De este modo, llegamos a justificar el segundo axioma de Watzlawick del libro ya mencionado: la comunicación es compromiso, pero al mismo tiempo es imposición de conductas; lo cual se ve igualmente reflejado de manera muy clara en la película en cuestión. Encontramos por un lado que hay un serio compromiso por parte de las mujeres que lo ayudan con él, pues aun no siendo Jean Dominique “nadie” en sus vidas, dedican su tiempo a él pero más allá del compromiso, del contrato legal, o del pago que reciban por su tiempo con él. Estas mujeres establecen una filiación y llegan al sentir que acaban involucrando sus vidas personales con su caso, se preocupan, sufren y dejan de hacer otras cosas por él sin un motivo aparente o racional, simplemente el compromiso. Y en esta medida, al ser la comunicación un compromiso, también es imposición de conductas que se generan a través de ciertos símbolos; pues vemos claramente que cuando Jean D. empezó a desarrollar su forma de comunicación creó ciertas dinámicas de acción en aquellas mujeres que lo acompañaban, pues para entender sus mensajes necesitaban comportarse de una forma determinada, seguir ciertos parámetros y tener presentes datos específicos, que variarían si los símbolos comunicativos fueran otros.
Así mismo encontramos que dicha comunicación que implica un compromiso y a su vez una imposición de conductas, también supone dos caras de una misma moneda.
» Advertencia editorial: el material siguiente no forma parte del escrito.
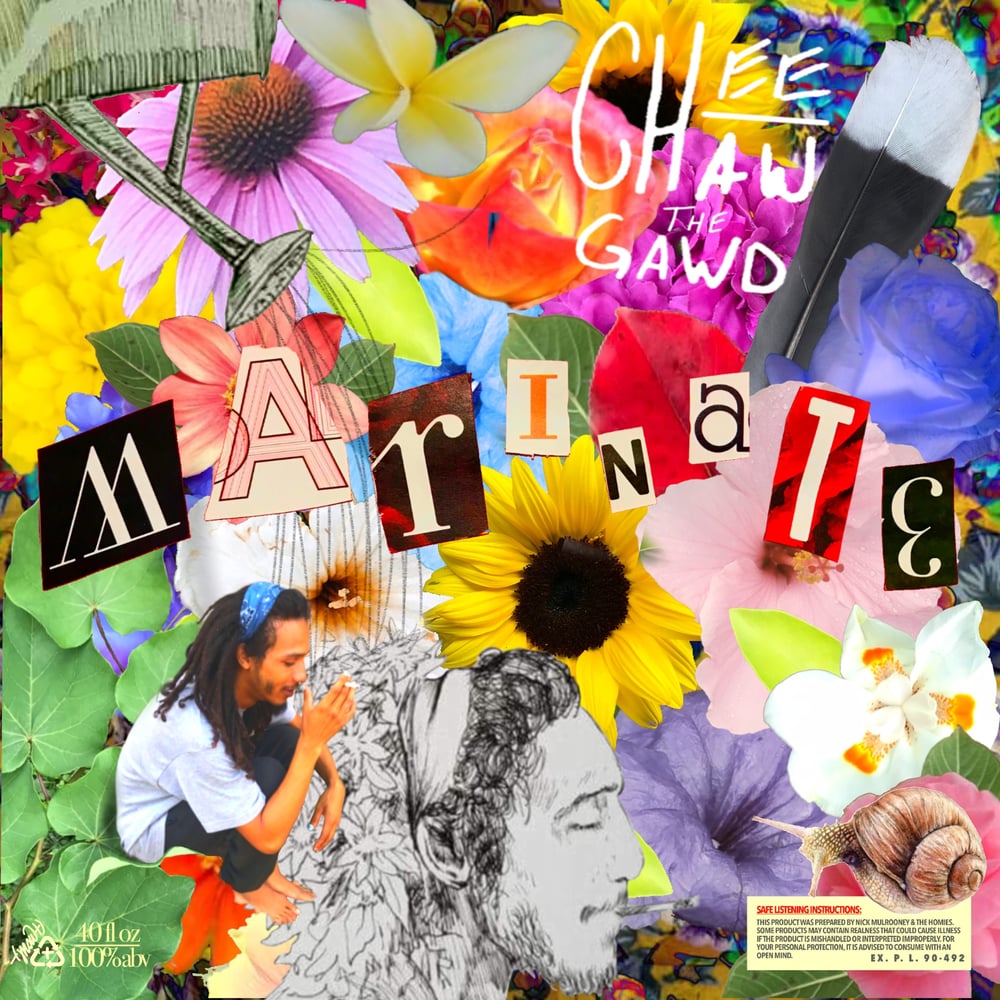 Image of MARINATE : Cheechaw the Gawd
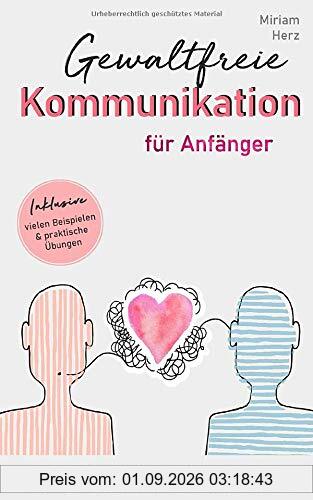 Gewaltfreie Kommunikation für Anfänger: Wertschätzende und nonverbale Kommunikation im Alltag anwenden und Konflikte lösen durch GFK, mit vielen Beispielen und praktischen Übungen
Me refiero a que la comunicación es por un lado análoga y por otro digital, lo que quiere decir que en toda comunicación existe el lado de la racionalidad, lo estandarizado, lo que es entendible fácilmente por todos (comunicación digital) y el lado de lo subjetivo por así decirlo: aquello que no siempre es consciente y que tiene cualquier posibilidad de interpretación (comunicación análoga). Esto claramente lo vemos evidenciado en la relación de Jean Dominique con sus “asistentes”, pues en un inicio cuando todos sus diálogos eran tan sólo eximorones porque no podían salir de sí mismo, todo lo que hacía era comunicación análoga: tanto porque nadie era consciente de sus mensajes, como porque los interpretaban diversamente según la persona; pero cuando la chica le encuentra el sentido a sus parpadeos y lo vuelve consciente, esos mensajes ya pasan a tener un sentido “lógico” y se convierte en una comunicación digital.
En este sentido, vemos claramente cómo los seres humanos, a pesar de que buscamos ser complementarios, tendemos a la simetría: aquella comunicación que permite generar una lógica, un compromiso y una imposición de conductas viable; que es precisamente lo que ocurre en “La escafandra y la mariposa”: las diferentes mujeres, y especialmente una de las que asisten el día a día de “Jean-Do” entran en un proceso de pasar de una interacción complementaria en la que hay dos posiciones distintas y una es “inferior” a otra, a una simétrica en la que se establece una igualdad que en este caso facilita la comunicación.
Finalmente, encontramos que en relación a la imposición de conductas, a la interacción complementaria o simétrica, la comunicación análoga y digital, y en general todos los axiomas de la comunicación propuestos por Watzlawick, aparece un último y es el de la puntuación de la secuencia de hechos que hace alusión a la manera en la cual la forma de “puntuar” una relación entre los comunicantes marca su propia naturaleza. Lo que quiere decir, que en la interacción entre determinados individuos, la forma de comunicarse, de llevar la relación y de interactuar mismo que se ve afectada por los puntos anteriormente mencionados, determina la naturaleza de dicha relación.